Let $G$ be a bipartite graph with $e$ edges. How do we show that the absolute value of any eigenvalue $\lambda$ of $G$ (i.e., the eigenvalue of the adjacency matrix of $G$) is less than or equal to $\sqrt e$.

Any suggestion is appreciated.

Answer 1

Well, note that if your graph has vertex set $V=V_{odd}\cup V_{even}$ and adjacency matrix $A$, then $\mathbb{R}^V=U_{odd}\oplus U_{even},$ where $V_{even}=\textrm{span}\{e_v|v\in V_{odd}\}$ and similarly for $U_{even}$.

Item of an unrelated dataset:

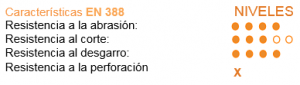 normativa corte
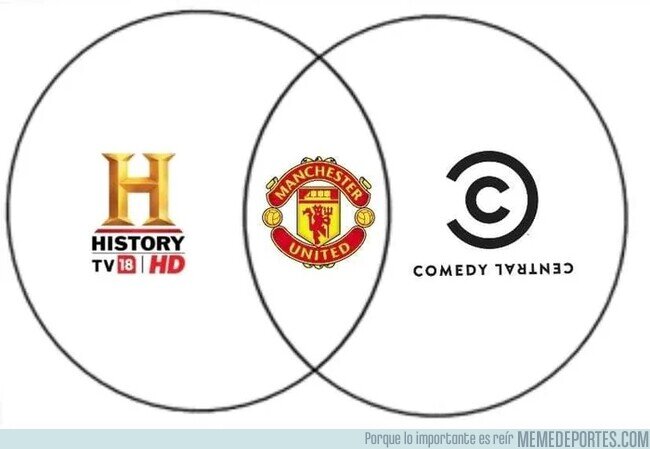 1154774 - Un resumen del Manchester United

Then, for a general vector $x=\sum_{v\in V_{odd}} \alpha_v e_v+\sum_{w\in V_{even}} \beta_we_w$, then we have

$$ Ax=\sum_{v\in V_{odd}}\sum_{w\in V_{even}} A_{v,w} \beta_w e_v+ \sum_{w\in V_{even}}\sum_{v\in V_{odd}} A_{w,v} \alpha_v e_w $$ Thus, we get $$ \|Ax\|^2=\sum_{v\in V_{odd}} \left(\sum_{w\in V_{even}} A_{v,w} \beta_w\right)^2+\sum_{w\in V_{even}} \left(\sum_{v\in V_{odd}} A_{w,v} \alpha_v \right)^2 $$ and for any sequence of numbers $(z_i)_{1\leq i\leq n}$, we see that $$ \left( \sum_{i=1}^n z_i\right)^2=\sum_{i=1}^n z_i^2+\sum_{n\geq j>i\geq 1} 2z_iz_j\leq \sum_{i=1}^n z_i^2+\sum_{n\geq j>i\geq 1} z_i^2+z_j^2\leq n\sum_{i=1}^n z_i^2 $$ Therefore, since every $A_{v,w}$ is either $0$ or $1$, we get that $$ \|A x\|^2\leq \sum_{v\in V_{odd}} |\{w|; A_{v,w}\neq 0\}| \sum_{w\in W_{odd}} \beta_w^2+\sum_{v\in V_{odd}}|\{w|; A_{v,w}\neq 0\}| \sum_{v\in W_{even}} \alpha_v^2 $$ and since, $\sum_{v\in V_{odd}}|\{w|; A_{v,w}\neq 0\}|\leq e$ (and vice versa), we get that $$ \|Ax\|^2\leq e\|x\|^2, $$ which, in particular, implies that the largest eigenvalue of $A$ is at most $\sqrt{e}$.